Allergen Immunotherapy Promising for Atopic Dermatitis

Adjunctive allergen immunotherapy (AIT) may improve disease severity and quality of life in patients with atopic dermatitis (AD), according to study findings published in the Journal of Allergy and Clinical Immunology.

Investigators conducted a systematic review and meta-analysis regarding the effectiveness and safety of AIT—subcutaneous immunotherapy (SCIT) and sublingual immunotherapy (SLIT)—compared with no AIT (placebo or standard care) for patients with AD, as part of the American Academy of Allergy, Asthma & Immunology (AAAAI)/American College of Allergy, Asthma and Immunology (ACAAI) Joint Task Force on Practice Parameters (JTFPP) 2022 AD guideline update.

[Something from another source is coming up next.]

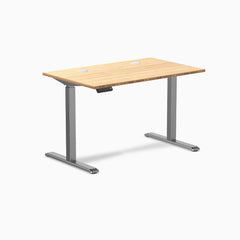 Desky Single Sit Stand Desk, Bamboo desktop, Space Gray frame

The researchers performed a literature search for relevant published or unpublished randomized controlled trials (RCTs) through December 12, 2021. Outcomes included clinician-reported severity (the clinician-adjudicated domains of SCORing AD [SCORAD] or eczema area and severity index were prioritized vs investigator global assessment), patient-reported severity (patient-oriented eczema measure), itch, sleep, eczema-related quality of life (Dermatology Life Quality Index [DLQI], and adverse events.

The reviewers independently rated the risk for bias per outcome for each study, which was conducted according to Cochrane and Grades of Recommendation Assessment, Development and Evaluation (GRADE) guidance.

A total of 23 RCTs with 1957 patients were included in the analysis. The trials, which were conducted in 13 countries in 4 continents, added either AIT or placebo to standard care with topical treatments (midpotency topical steroids or topical calcineurin inhibitors).

Among the included studies, 22 RCTs (n=1801) compared AIT vs no AIT and involved a combination of clinician-reported AD severity and patient-reported itch and sleep disturbance. AIT likely improved the probability to lower baseline AD severity by 50% or greater vs no AIT (40% vs 26%, relative risk [RR] 1.53 [95% CI, 1.31-1.78], moderate certainty), with comparable estimates of effect for SCIT and SLIT (P_interaction =.63).

In addition, 8 RCTs (n=629) addressed the effects of AIT compared with no AIT on health-related quality of life (per DLQI and a minimally important difference [MID] of 4). AIT “probably improved” DLQI by 4 or more points vs no AIT (56% vs 39%, RR 1.44 [95% CI, 1.03-2.01], moderate certainty).

AIT’s impact vs no AIT for pruritus was evaluated in 3 RCTs (n=113). AIT may decrease itch by 50% from baseline compared with no AIT, although the evidence is uncertain (25% vs 19%, RR 1.29 [95% CI, 0.84-1.98], low certainty). Also, 4 RCTs (n=165) assessed flares leading to systemic corticosteroid use. AIT’s effect, compared with no AIT, was very uncertain (20% vs 22%, RR 0.94 [95% CI, 0.30-2.94], very low certainty).

A total of 12 RCTs (n=1041) in AD and 87 RCTs in rhinitis and asthma evaluated adverse events from AIT and were mainly characterized as local reactions. AIT was associated with an increase in local adverse events vs placebo (RR 1.65 [95% CI, 1.48-1.64], high certainty), with similar relative effects observed for SCIT and SLIT P_interaction =.42) and different absolute effects (SCIT: 66% vs 41%; SLIT: 13% vs 8%).

Among several study limitations, not all populations had the same baseline severity of AD, conference abstracts were included, and the data were sparse for itch, sleep, and flares. In addition, data for direct AD evidence addressing adverse events was sparse.

“This systematic review and meta-analysis provides moderate-certainty evidence that adjunctive allergen immunotherapy results in important improvements in AD severity and quality of life,” stated the researchers. “This supports a multidisciplinary and shared decision making approach to optimal AD care.”

Disclosure: Several of the study authors declared affiliations with biotech, pharmaceutical, and/or device companies. Please see the original reference for a full list of authors’ disclosures.